Initiating diabetes technology of any kind is a big step for patients, but also for a lot of primary care clinicians. If you have concerns, these myths and facts are for you.
Diabetes "technology," ie, medication delivery and glucose monitoring devices, can benefit any patient with diabetes. Available devices range from test strip- based glucose monitors and injectable medication pens to Bluetooth enabled continuous glucose monitors and insulin pumps.
Do you think about getting patients started using a device but recall having "heard a few things" that make you hesitate?
Click through the myths/concerns below and the facts on diabetes tech, compiled by Diabeteswise.org, and find a comment from a clinican who treates diabetes patients to help dispel each concern.
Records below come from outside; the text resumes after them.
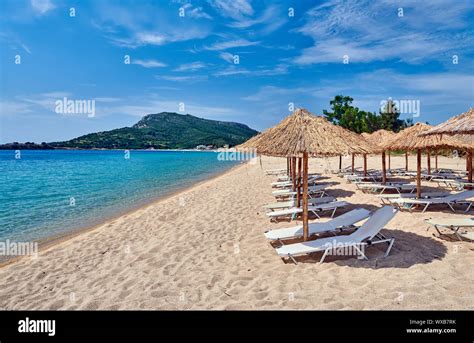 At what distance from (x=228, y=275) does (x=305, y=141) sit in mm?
2709

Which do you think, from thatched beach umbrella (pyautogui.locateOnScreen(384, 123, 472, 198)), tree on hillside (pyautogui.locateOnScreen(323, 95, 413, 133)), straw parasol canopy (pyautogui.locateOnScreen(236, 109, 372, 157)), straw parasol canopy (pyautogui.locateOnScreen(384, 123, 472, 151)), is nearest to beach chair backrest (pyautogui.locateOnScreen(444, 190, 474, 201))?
thatched beach umbrella (pyautogui.locateOnScreen(384, 123, 472, 198))

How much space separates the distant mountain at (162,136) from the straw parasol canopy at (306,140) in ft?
292

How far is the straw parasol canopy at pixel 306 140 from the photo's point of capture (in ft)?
17.4

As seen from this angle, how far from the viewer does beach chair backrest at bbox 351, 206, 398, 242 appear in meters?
5.22

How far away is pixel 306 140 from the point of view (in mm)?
5414

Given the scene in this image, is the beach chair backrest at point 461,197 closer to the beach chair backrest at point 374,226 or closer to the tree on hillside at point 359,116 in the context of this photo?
the beach chair backrest at point 374,226

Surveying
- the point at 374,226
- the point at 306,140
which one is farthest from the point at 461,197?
the point at 306,140

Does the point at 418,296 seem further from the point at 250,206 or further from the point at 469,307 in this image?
the point at 250,206

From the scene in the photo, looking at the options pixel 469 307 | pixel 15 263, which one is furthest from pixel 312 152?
pixel 15 263

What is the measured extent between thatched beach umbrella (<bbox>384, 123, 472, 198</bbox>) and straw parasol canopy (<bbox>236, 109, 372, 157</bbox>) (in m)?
3.93

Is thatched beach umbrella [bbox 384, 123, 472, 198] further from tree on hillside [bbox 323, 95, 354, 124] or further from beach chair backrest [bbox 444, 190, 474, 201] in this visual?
tree on hillside [bbox 323, 95, 354, 124]

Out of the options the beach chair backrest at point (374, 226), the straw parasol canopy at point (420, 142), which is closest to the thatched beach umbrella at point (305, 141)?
the beach chair backrest at point (374, 226) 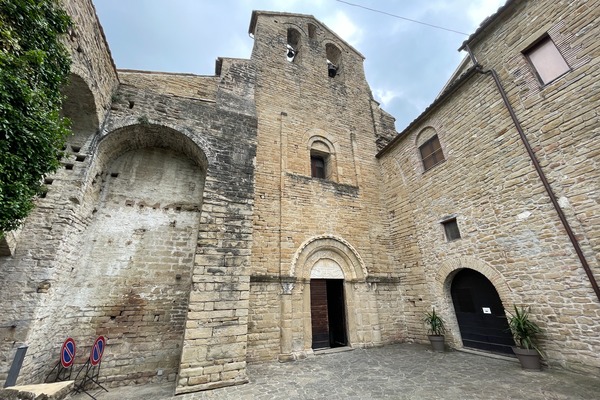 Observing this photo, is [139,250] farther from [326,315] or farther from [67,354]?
[326,315]

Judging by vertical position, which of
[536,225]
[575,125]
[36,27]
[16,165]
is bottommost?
[536,225]

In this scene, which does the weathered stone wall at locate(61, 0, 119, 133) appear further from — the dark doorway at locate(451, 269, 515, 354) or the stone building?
the dark doorway at locate(451, 269, 515, 354)

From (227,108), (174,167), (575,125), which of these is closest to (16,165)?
(174,167)

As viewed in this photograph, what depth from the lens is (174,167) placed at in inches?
262

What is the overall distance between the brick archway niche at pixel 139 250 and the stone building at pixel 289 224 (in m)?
0.04

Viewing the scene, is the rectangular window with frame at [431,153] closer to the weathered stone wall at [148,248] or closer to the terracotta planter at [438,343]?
the terracotta planter at [438,343]

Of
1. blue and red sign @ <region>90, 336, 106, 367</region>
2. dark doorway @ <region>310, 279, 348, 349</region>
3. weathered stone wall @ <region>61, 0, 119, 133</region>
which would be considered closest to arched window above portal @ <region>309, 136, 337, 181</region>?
dark doorway @ <region>310, 279, 348, 349</region>

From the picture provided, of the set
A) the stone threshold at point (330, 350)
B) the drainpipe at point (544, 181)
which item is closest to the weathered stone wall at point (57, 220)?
the stone threshold at point (330, 350)

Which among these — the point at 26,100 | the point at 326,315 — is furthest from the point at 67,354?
the point at 326,315

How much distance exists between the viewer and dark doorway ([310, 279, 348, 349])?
262 inches

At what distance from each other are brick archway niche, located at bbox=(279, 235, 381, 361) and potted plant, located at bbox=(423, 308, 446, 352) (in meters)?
1.40

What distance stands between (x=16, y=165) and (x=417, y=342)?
9.34 metres

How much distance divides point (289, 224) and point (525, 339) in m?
5.65

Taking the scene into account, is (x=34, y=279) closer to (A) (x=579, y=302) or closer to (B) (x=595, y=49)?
(A) (x=579, y=302) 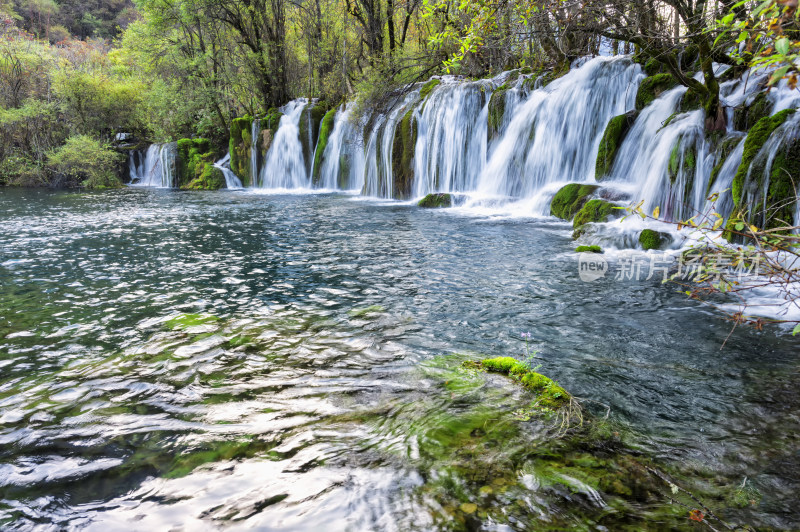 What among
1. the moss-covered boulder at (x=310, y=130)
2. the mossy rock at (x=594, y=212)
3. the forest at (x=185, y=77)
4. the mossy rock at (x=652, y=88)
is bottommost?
the mossy rock at (x=594, y=212)

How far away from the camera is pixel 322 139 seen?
25.5 meters

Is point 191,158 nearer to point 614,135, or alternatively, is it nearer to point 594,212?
point 614,135

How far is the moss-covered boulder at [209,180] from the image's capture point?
28125 millimetres

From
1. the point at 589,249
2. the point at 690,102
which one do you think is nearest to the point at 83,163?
the point at 589,249

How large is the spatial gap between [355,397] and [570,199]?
35.6 ft

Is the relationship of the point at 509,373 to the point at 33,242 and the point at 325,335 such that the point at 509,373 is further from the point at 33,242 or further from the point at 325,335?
the point at 33,242

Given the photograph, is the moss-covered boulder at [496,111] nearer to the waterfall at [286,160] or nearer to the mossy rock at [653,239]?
the mossy rock at [653,239]

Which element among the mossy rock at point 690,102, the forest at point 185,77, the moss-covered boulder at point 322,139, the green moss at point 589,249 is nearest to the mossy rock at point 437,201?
the mossy rock at point 690,102

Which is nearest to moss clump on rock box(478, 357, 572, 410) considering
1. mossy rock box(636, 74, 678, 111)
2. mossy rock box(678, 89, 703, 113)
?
mossy rock box(678, 89, 703, 113)

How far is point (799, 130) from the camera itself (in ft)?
25.0

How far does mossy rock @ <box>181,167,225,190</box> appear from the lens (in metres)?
28.1

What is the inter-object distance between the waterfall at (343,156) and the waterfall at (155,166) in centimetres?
1234

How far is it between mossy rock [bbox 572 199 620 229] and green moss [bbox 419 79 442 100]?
11.0 metres

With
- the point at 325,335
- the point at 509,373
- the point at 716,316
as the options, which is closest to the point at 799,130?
the point at 716,316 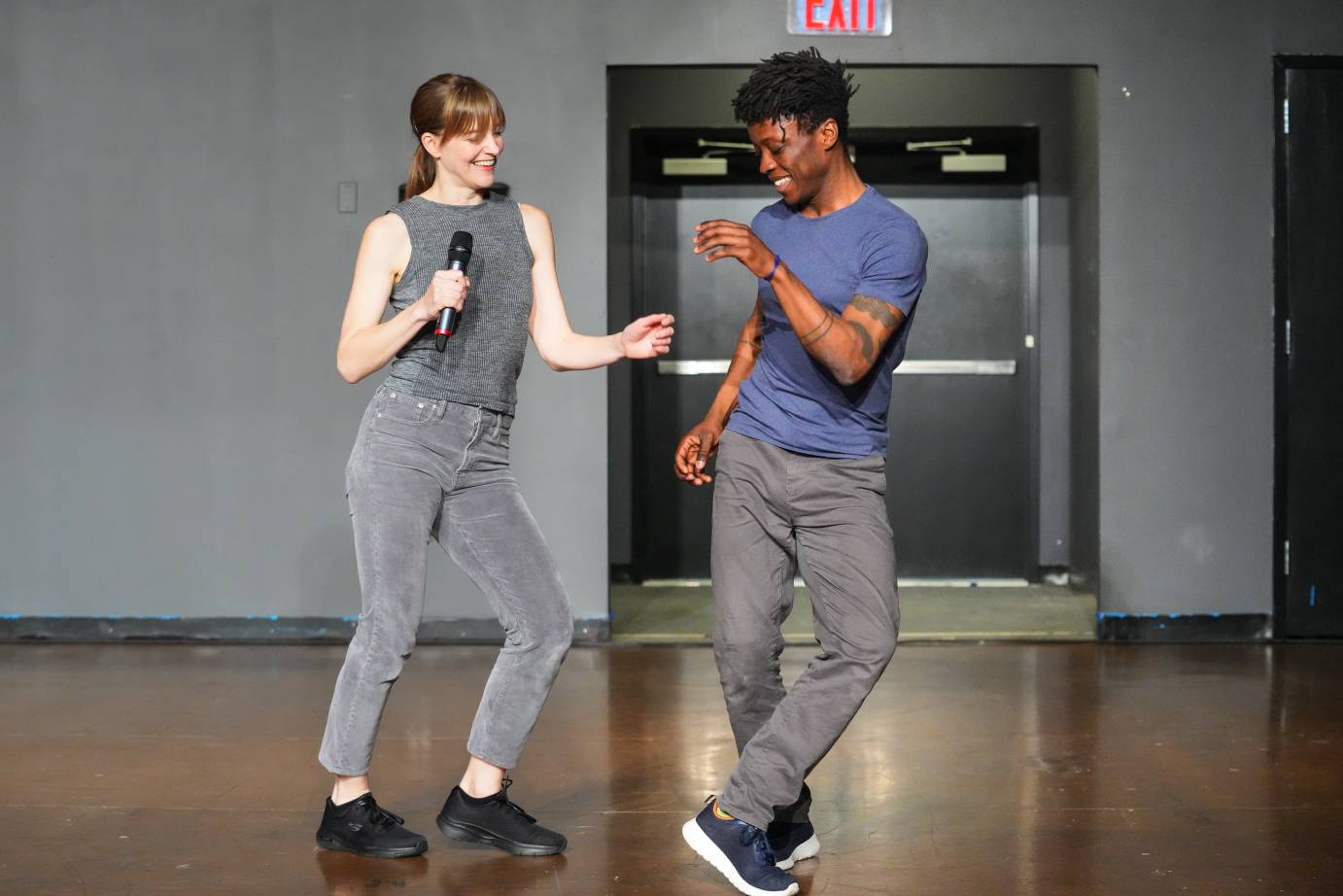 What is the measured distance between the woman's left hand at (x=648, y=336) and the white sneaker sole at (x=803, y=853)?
3.53 feet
Concern: “My patients can’t use devices if they don’t have WiFi or a smart device.”
A fact: Your patient may not have access to every feature of a specific device, but they will benefit from the main ones.
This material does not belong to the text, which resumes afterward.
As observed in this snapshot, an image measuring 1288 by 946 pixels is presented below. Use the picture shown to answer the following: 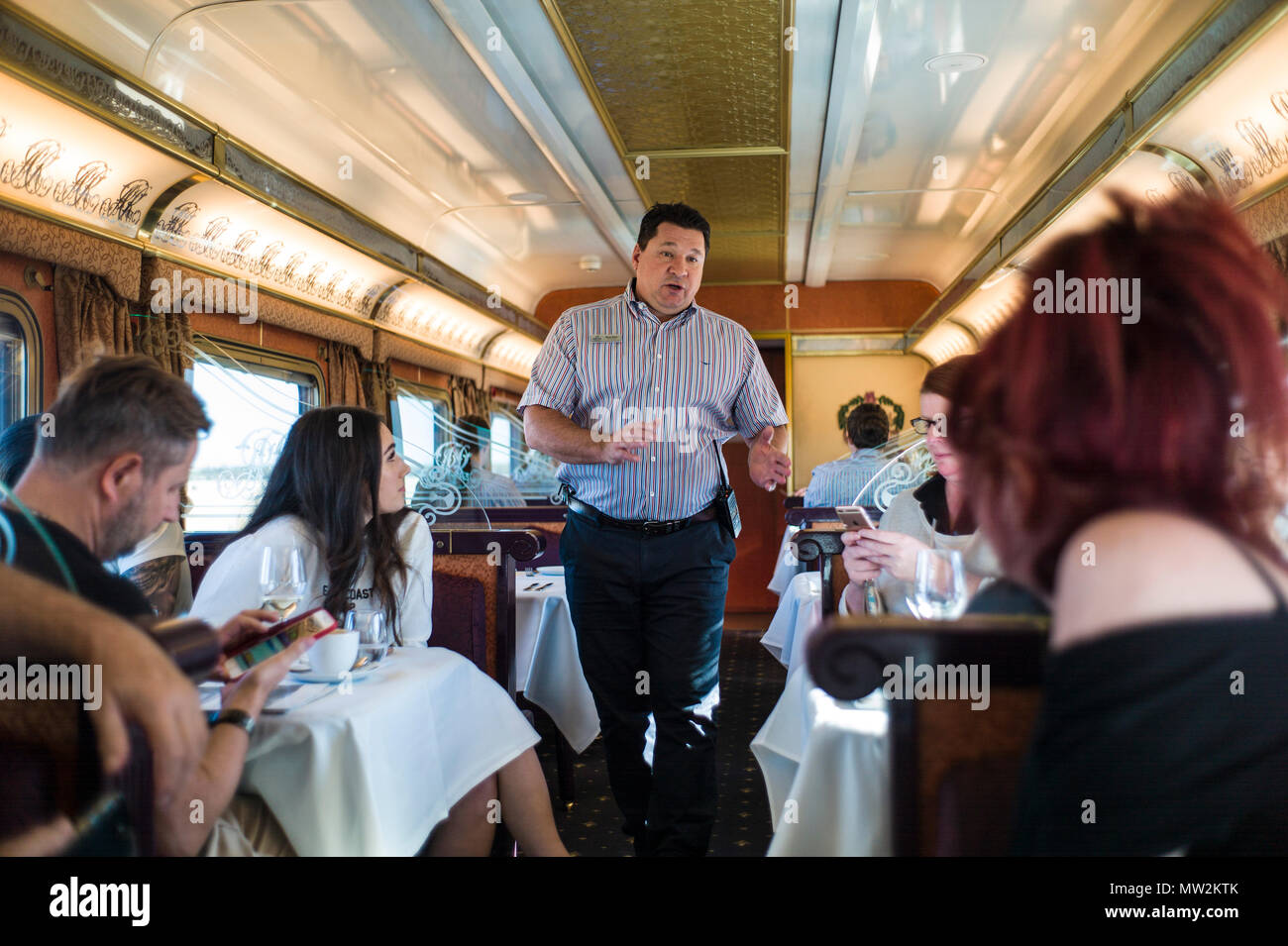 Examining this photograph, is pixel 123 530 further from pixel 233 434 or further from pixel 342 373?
pixel 342 373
Concern: “Helping my patients troubleshoot device problems is very difficult.”
A fact: There is a lot of support available for clinicians as well as their patients, including on YouTube!
Concern: "Technology is too difficult for my patient population."
A fact: All devices go through FDA Human Factors testing to ensure usability by the majority of people, safely. Naturally, there will be learning curve.
Concern: “My patient has a pre-existing condition [or lives with a disability] – I don’t think there are any devices for her.”
A fact: Comorbidities are not likely to make diabetes technology less useful; in fact, using the technology may help reduce patients' overall disease burden.
Concern: “My patient’s social support system won’t benefit from the device.”
A fact: The majority of diabetes devices use Bluetooth connectivity giving patients the option to share data with those they wish to have it.
Concern: “My patient is on a budget and cannot afford diabetes technology.”
A fact: Diabetes is undeniably an added cost to any budget but signficant strides are being made with federal and private insurers to expand access to a broad range of the diabetes population.